You can configure the Web crawler to handle custom pages
that Web
site administrators create when they do not want to return a standard
error
code in response to requests for certain pages.
If an HTTP server cannot return the
page that a client requests, the server
normally returns a response that consists of a header with a status
code.
The status code indicates what the problem is (such as error 404,
which indicates
that the file could not be found). Some Web site administrators create
special
pages that explain the problem in more detail and configure the HTTP
server
to return these pages instead. These custom pages are called soft
error
pages.
Soft error pages can distort the Web crawler's
results. For example, instead
of receiving a header that indicates a problem, the crawler receives
a soft
error page and the status code 200, which indicates the successful
download
of a valid HTML page. But this downloaded soft error page is not related
to
the requested URL, and its content is nearly identical each time it
is returned
in place of a requested page. These irrelevant and near-duplicate
pages distort
the index and search results.
To handle this situation, you
can specify options for handling soft error
pages when you configure the Web crawler. The Web crawler needs the
following
information about each Web site that returns soft error pages:
- A
URL pattern for a site that uses soft error pages. This URL pattern
consists of the protocol (HTTP or HTTPS), the host name, port number
(if non
standard), and path name. You can use an asterisk (*) as a wildcard
character
to match one or more characters up to the next occurrence of a non-wildcard
character in the pattern. The pattern that you specify is case sensitive.
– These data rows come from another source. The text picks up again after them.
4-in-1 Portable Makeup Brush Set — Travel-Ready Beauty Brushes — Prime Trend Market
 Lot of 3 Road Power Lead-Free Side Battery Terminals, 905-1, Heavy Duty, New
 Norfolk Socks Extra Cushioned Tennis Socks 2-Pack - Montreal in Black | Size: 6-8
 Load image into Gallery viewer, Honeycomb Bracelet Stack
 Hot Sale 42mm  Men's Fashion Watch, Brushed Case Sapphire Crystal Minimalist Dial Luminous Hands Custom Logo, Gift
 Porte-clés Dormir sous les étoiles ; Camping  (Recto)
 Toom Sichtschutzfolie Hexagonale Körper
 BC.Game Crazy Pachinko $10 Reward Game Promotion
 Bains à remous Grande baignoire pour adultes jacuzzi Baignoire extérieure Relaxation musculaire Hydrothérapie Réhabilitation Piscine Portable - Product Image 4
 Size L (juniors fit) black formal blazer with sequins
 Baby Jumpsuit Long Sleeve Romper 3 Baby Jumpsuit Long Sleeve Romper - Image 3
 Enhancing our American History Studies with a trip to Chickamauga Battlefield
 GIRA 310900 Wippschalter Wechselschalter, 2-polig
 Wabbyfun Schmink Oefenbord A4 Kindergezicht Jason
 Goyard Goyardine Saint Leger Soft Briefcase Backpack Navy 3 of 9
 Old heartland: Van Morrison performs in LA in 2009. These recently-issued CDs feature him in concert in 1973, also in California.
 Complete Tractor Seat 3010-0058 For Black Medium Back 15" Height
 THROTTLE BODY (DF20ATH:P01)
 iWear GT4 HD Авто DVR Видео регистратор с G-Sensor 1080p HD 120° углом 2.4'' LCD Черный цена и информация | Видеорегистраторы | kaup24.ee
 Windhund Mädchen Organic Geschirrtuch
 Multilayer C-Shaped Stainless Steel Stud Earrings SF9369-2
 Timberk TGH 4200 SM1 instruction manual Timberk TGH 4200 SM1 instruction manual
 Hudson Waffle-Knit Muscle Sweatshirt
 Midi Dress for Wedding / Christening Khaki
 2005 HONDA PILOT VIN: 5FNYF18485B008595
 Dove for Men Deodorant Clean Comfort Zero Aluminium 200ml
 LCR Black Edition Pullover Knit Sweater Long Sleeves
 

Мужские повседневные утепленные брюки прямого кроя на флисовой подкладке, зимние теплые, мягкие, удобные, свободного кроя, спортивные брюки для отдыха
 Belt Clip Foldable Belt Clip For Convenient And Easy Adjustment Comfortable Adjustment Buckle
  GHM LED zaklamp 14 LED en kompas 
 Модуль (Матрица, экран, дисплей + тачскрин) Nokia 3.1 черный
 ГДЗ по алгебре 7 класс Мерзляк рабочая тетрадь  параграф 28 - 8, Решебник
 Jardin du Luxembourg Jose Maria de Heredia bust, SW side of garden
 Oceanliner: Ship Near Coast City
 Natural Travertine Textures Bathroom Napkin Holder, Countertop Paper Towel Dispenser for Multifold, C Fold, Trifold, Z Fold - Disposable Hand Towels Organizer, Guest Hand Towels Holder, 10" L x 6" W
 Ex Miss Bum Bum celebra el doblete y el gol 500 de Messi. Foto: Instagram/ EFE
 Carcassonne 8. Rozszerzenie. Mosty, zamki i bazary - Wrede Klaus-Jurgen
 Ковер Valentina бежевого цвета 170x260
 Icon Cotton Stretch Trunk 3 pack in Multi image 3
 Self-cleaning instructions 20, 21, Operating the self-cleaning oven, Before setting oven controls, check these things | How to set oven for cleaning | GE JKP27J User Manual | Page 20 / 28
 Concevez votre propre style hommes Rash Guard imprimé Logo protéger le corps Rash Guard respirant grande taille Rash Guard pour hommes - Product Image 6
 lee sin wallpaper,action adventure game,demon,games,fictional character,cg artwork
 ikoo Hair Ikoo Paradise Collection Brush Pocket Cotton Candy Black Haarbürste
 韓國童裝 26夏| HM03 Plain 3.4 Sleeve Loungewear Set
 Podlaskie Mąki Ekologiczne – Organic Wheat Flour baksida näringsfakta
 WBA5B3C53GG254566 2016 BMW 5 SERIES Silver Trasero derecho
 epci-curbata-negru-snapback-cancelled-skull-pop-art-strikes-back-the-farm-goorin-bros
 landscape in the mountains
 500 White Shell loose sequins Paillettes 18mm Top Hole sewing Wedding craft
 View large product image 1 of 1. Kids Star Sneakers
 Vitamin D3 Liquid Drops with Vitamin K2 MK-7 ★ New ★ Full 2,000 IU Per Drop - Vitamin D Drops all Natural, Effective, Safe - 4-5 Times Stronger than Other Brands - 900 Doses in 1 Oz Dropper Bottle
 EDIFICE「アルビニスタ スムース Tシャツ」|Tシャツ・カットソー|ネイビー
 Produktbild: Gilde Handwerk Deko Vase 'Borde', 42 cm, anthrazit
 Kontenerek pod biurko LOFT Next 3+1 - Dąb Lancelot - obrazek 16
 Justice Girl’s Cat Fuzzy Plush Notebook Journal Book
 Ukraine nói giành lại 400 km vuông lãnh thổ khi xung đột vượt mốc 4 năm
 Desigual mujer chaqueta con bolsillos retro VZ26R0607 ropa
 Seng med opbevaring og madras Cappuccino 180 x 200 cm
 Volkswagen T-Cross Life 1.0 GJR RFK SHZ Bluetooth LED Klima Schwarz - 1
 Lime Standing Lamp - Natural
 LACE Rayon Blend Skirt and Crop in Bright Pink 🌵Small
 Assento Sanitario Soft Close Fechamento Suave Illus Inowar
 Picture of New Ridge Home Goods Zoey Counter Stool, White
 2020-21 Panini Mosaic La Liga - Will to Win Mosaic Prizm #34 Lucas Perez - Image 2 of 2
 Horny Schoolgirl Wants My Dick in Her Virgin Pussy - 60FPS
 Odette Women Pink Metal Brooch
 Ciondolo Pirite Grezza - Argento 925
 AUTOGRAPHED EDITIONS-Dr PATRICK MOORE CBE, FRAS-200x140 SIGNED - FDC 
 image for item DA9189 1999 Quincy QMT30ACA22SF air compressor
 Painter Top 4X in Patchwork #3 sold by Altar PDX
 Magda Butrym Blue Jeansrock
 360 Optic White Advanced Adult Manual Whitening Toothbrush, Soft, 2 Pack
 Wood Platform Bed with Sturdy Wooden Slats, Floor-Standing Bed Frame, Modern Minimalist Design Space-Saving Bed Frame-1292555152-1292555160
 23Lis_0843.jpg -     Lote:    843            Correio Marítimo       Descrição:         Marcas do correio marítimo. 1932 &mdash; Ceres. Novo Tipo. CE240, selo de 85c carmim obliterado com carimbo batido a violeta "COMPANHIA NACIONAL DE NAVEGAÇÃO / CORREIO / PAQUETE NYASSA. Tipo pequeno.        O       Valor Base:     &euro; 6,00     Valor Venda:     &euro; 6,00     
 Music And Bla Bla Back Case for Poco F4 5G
- A title pattern for text that corresponds to the <TITLE> tag
of an
HTML document. You can use the asterisk (*) as a wildcard character
to specify
this pattern. This pattern that you specify is case sensitive.
- A
content pattern for text that corresponds to the content of an HTML
document. The content is not just the content of the <BODY> tag,
if a <BODY>
tag is present. The content is everything that comes after the HTTP
header
in the file. You can use the asterisk (*) as a wildcard character
to specify
this pattern. This pattern that you specify is case sensitive.
- An
integer that represents the status code to use for documents that
match
the URL, title, and content patterns that you specified.
Example
This following configuration tells
the Web
crawler to compare all valid HTML pages (status code 200) that are
returned
from the
http://www.mysite.com/hr/* Web site
to the
specified title and content patterns. If the <TITLE> tag of a page
begins
with "Sorry, the page" and the content of the document contains anything
(*),
then the crawler handles the page the same way it would a status code
404
(the page was not found).
Table 1. Soft
error page exampleURL pattern |
Title pattern |
Content pattern |
HTTP
status code |
http://www.mysite.com/hr/* |
Sorry, the page* |
* |
404 |
You
can create multiple entries for the same Web site to handle different
status codes. Each status code from the same Web site requires its
own entry
in the Web crawler's configuration.
Using
wildcard characters
The URL, title, and content
patterns are not regular expressions. The asterisk character matches
any characters
up to the next occurrence of any non-wildcard character. For example:
*404 matches any characters404
404: * matches 404: any characters
http://*.mysite.com/* matches http://any host.mysite.com/any file
* matches any characters
Affect on performance
When
you configure options
for handling soft error pages, you increase the amount of crawler
processing
time because all successfully crawled pages must be checked. More
processing
time is required to check for pattern matches and determine whether
a page
or a replacement status code should be returned.